Congress shall make no law respecting an establishment of religion, or prohibiting the free exercise thereof; or abridging the freedom of speech, or of the press; or the right of the people peaceably to assemble, and to petition the Government for a redress of grievances. – First Amendment, Constitution of the United States of America

“A school environment devoid of free expression is not likely to produce an adult ready to support the sentiment attributed to Voltaire, ‘I disapprove of what you say, but I will defend to the death your right to say it.’”  -- Death by Cheeseburger, from a research paper by Robert Trager and Joseph A. Russomanno.

As the editor-in-chief of the West Hempstead High School Rampage, our student newspaper, I often find myself torn between where a student’s freedom to express opinion ends, and the school’s authority to control – or even suppress – that expression begins.

In 1969, the United States Supreme Court held that free speech does not stop “at the schoolhouse gate” (Tinker v. Des Moines), but that gate has been steadily closing upon the student press – and upon the First Amendment – ever since.

Under the guise of protecting student and teacher, administrator and parent, both form and content of school newspapers have come under the glaring – and sometimes repressive – scrutiny of teacher-advisors, high school principals, and even district superintendents, some of whom exercise – in the name of “good judgment” – what amounts to blatant censorship.

True, the thought of a bunch of teens running amuck with notepad in hand and pencil tucked behind ear can be frightening to the unassuming adult – particularly where that pencil might just write something untoward about a school policy, a school lunch, or a school bully – but these are the chances we take in a society that cherishes (at least in principle) freedom.

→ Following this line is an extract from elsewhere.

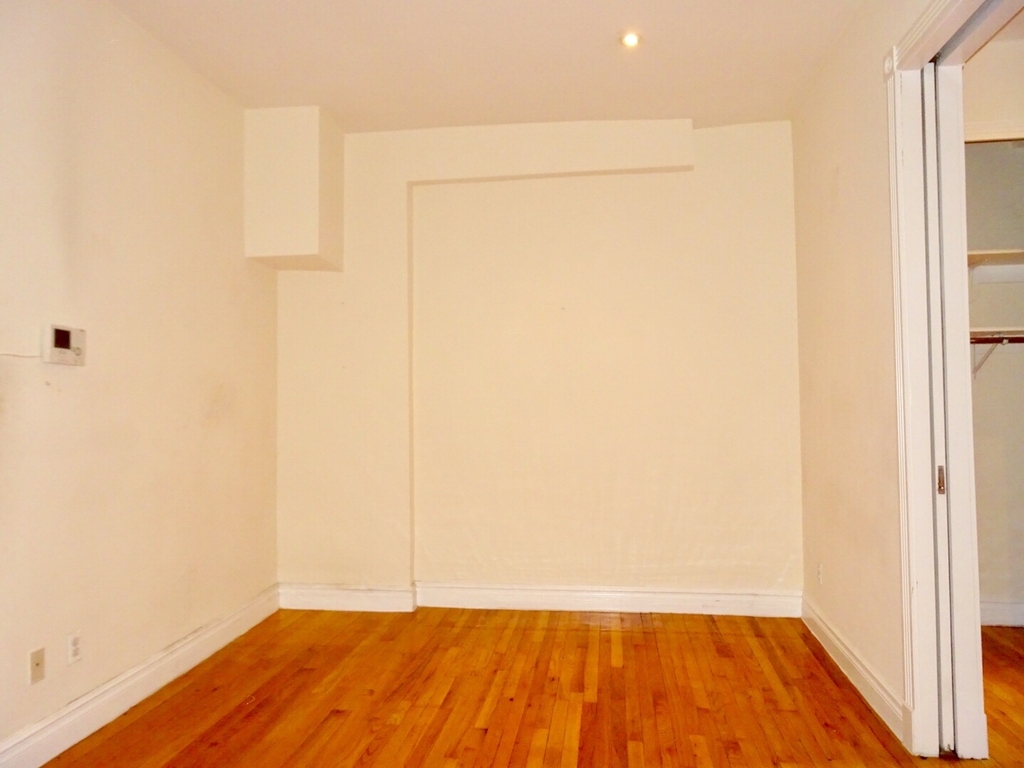 228 East 84th Street - Photo 9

While a school district cannot, for instance, publicly advocate for the passage of its own budget, should it follow that a student-run school newspaper should not postulate in favor of a “yes” vote? Moreover, can – and should -- the school district act to stop the publication of student-generated expression (that envisioned by the framers of the First Amendment, which places no restriction on the rights of free speech or a free press based on age or level of education) that may run counter to school district policy?

I will note, more than parenthetically, that in West Hempstead, our teacher-advisor and district administration embrace a fairly liberal interpretation of students’ First Amendment rights, a policy that is reflected in the editorial freedom of Rampage. Could this practice change under an advisor and/or administration more concerned with preserving the district’s self-interests than with the students’ rights of free speech? In a heart beat!

In our search for the truth [mindful that this may be a “teen’s truth,” not always held by others to be self-evident], short of the libelous or  the inciting, the obscene or the labeling of editorial comment as objective reporting, students should be free to express themselves in school newspapers, without undue restraint from teachers and/or administrators.

Granted, this may generate discord and debate, and we, as stewards of the school paper and guardians of a free press, may find ourselves at odds with school district policies and the commonly accepted order of things – that which such tender minds cannot possibly understand.

Still, I believe this to be a good thing. For to usurp the power of the student press – however heavily or clumsily we may, on occasion, tread – would be to stand the First Amendment’s protection of  free speech and a free press on its head, and undermine the very foundation of our democratic society.